#### Input material

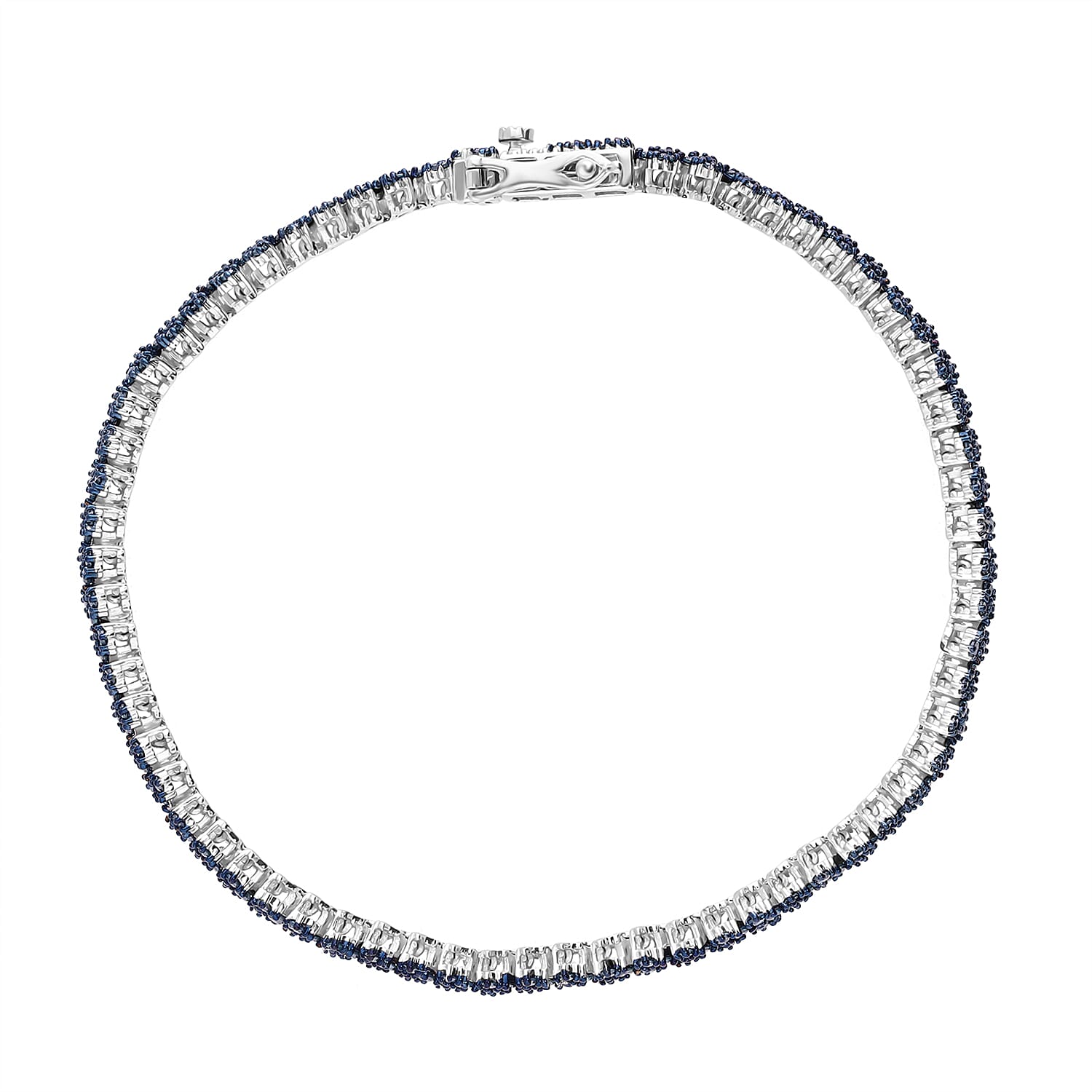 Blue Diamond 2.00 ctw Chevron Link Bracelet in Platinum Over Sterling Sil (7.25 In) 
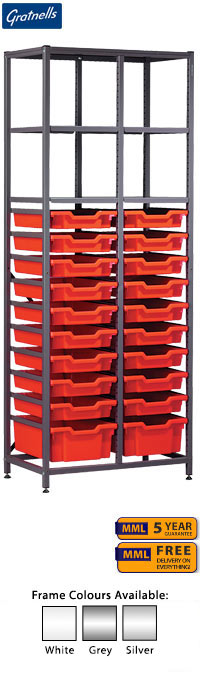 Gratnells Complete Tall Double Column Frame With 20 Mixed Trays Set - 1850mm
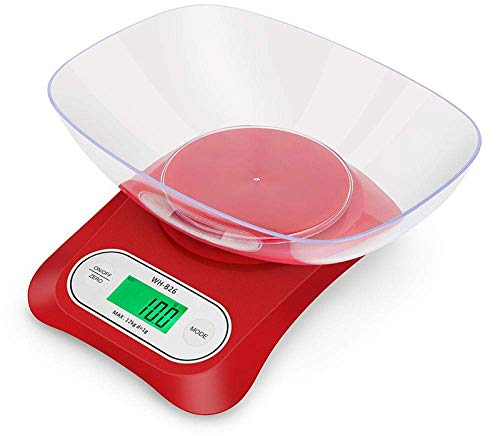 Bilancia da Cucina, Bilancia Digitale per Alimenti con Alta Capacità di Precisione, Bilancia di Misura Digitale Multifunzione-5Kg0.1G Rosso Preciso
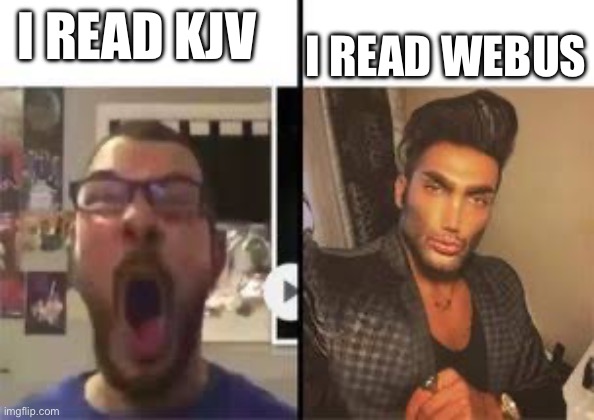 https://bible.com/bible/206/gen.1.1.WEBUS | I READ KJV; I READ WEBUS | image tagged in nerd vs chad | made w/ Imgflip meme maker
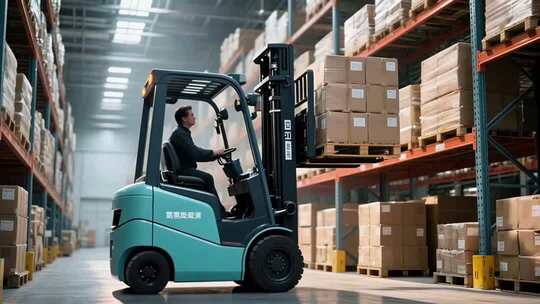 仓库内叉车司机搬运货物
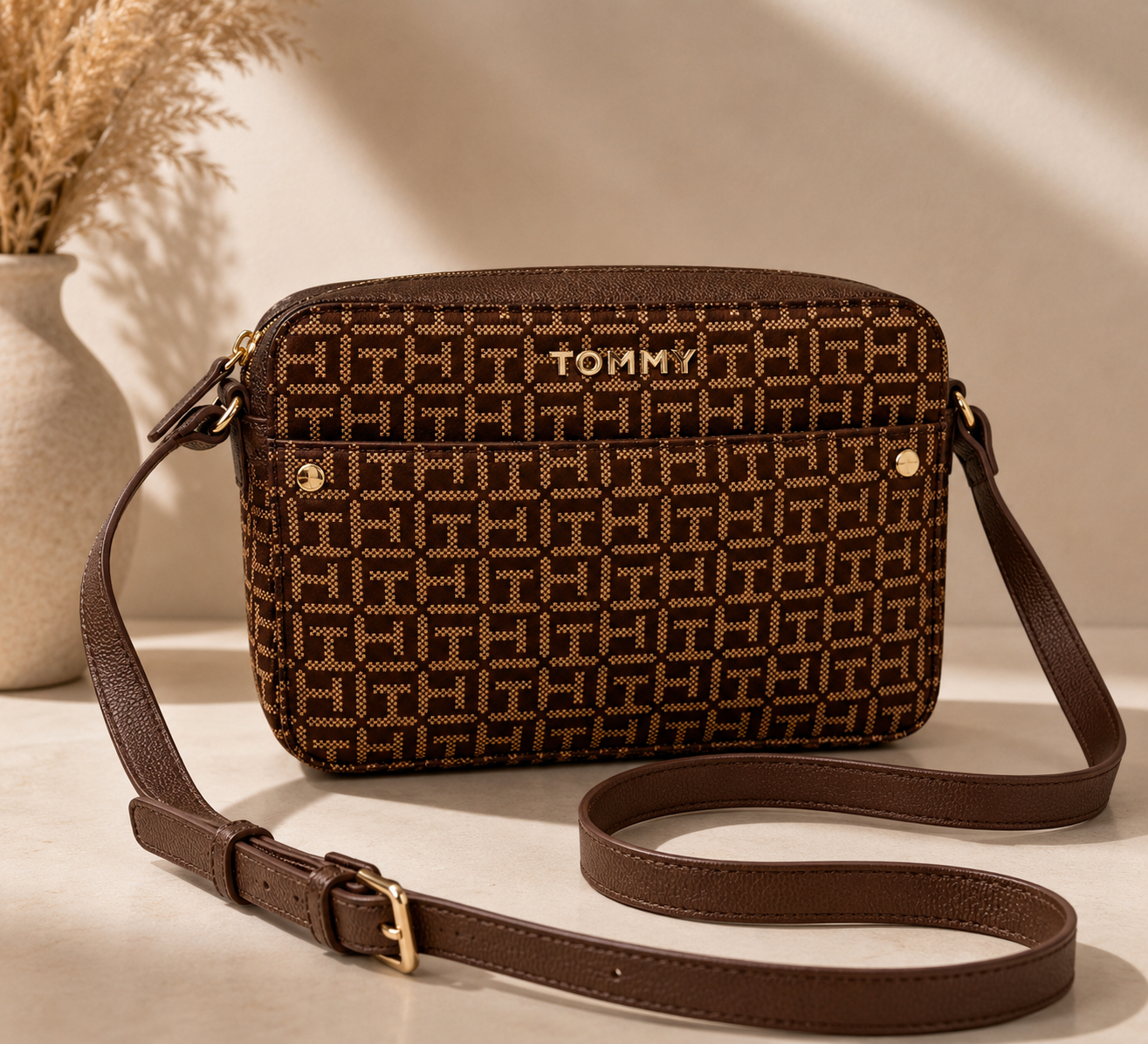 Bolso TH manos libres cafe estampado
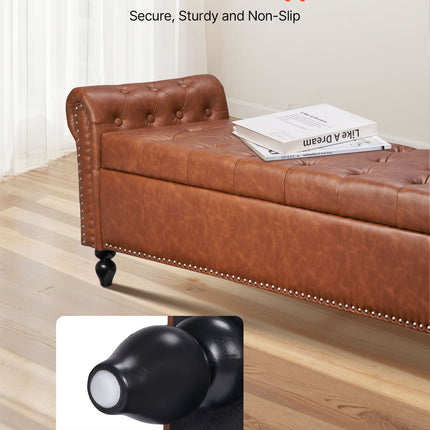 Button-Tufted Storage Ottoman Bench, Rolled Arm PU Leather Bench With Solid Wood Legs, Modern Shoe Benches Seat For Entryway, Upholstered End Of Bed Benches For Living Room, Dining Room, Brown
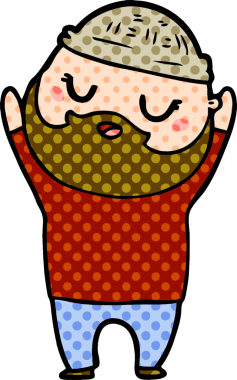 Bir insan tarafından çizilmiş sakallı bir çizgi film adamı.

########

### Exercise details
With the pictures excluded, the line containing "Bolso TH manos libres cafe estampado" and every line after it through the end of the data above are to be transcribed exactly, and nothing more.

### Exercise answer
 Bolso TH manos libres cafe estampado
 Button-Tufted Storage Ottoman Bench, Rolled Arm PU Leather Bench With Solid Wood Legs, Modern Shoe Benches Seat For Entryway, Upholstered End Of Bed Benches For Living Room, Dining Room, Brown
 Bir insan tarafından çizilmiş sakallı bir çizgi film adamı.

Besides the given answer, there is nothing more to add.